Nicolas afirma que trata-se de um efeito macroeconômico relevante no qual as crianças pobres possuem maior dificuldade em aprimorar o seu nível de capital humano. Esse fator, alinhado à incidência da pobreza que dificulta o crescimento econômico dos municípios, também dificulta o aproveitamento da população pobre em relação ao crescimento econômico, gerando uma desigualdade interna no próprio município.
Nakabashi cita Ravallion, para quem “os países com mais pobreza crescem menos”, na análise do segundo ensaio para informar que as regiões brasileiras com maior pobreza têm mais dificuldade na acumulação de capital humano, ou seja, de educação. As crianças aprendem menos e, consequentemente, a força de trabalho terá uma produtividade menor, conta o professor.
Ao contextualizar a situação, Nakabashi diz que as crianças que nascem e crescem nesse ambiente estão mais suscetíveis a uma série de fatores que afetam o desempenho escolar, e ainda soma a qualidade escolar do ensino público, que tende a ser mais defasado.

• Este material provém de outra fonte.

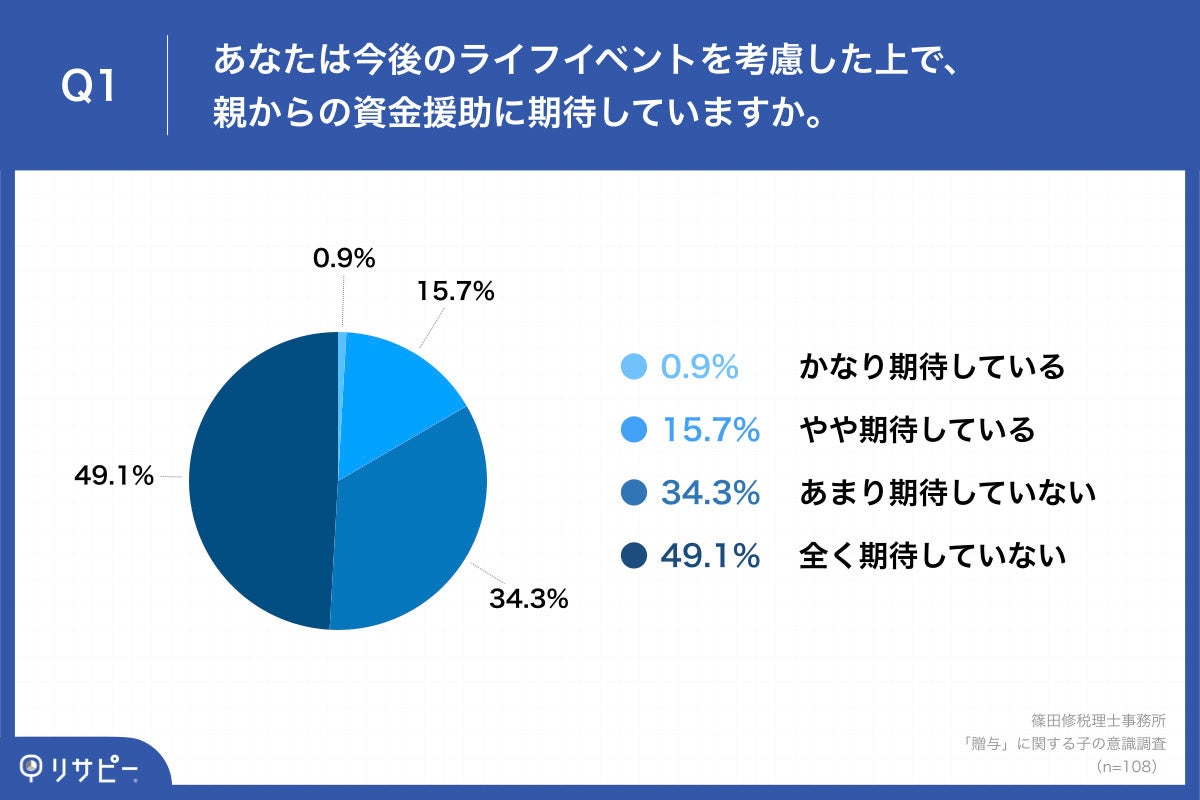 Q1.あなたは今後のライフイベントを考慮した上で、親からの資金援助に期待していますか。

A combinação dos efeitos causados pelo ambiente familiar e escolar, segundo o professor, afeta o desempenho socioemocional da criança, que prejudica o aprendizado educacional. Dentro de sala, uma criança que frequenta um ambiente onde as outras crianças possuem um bom desempenho tende a também ter um bom desempenho, influenciada pelos colegas, cenário não visto na maioria das escolas públicas, defende Nakabashi.
Os resultados do estudo Dois ensaios sobre pobreza e desenvolvimento econômico nos municípios brasileiros fazem parte da dissertação de mestrado de Nicolas Volgarine Scaraboto apresentada à FEA-RP em agosto de 2021.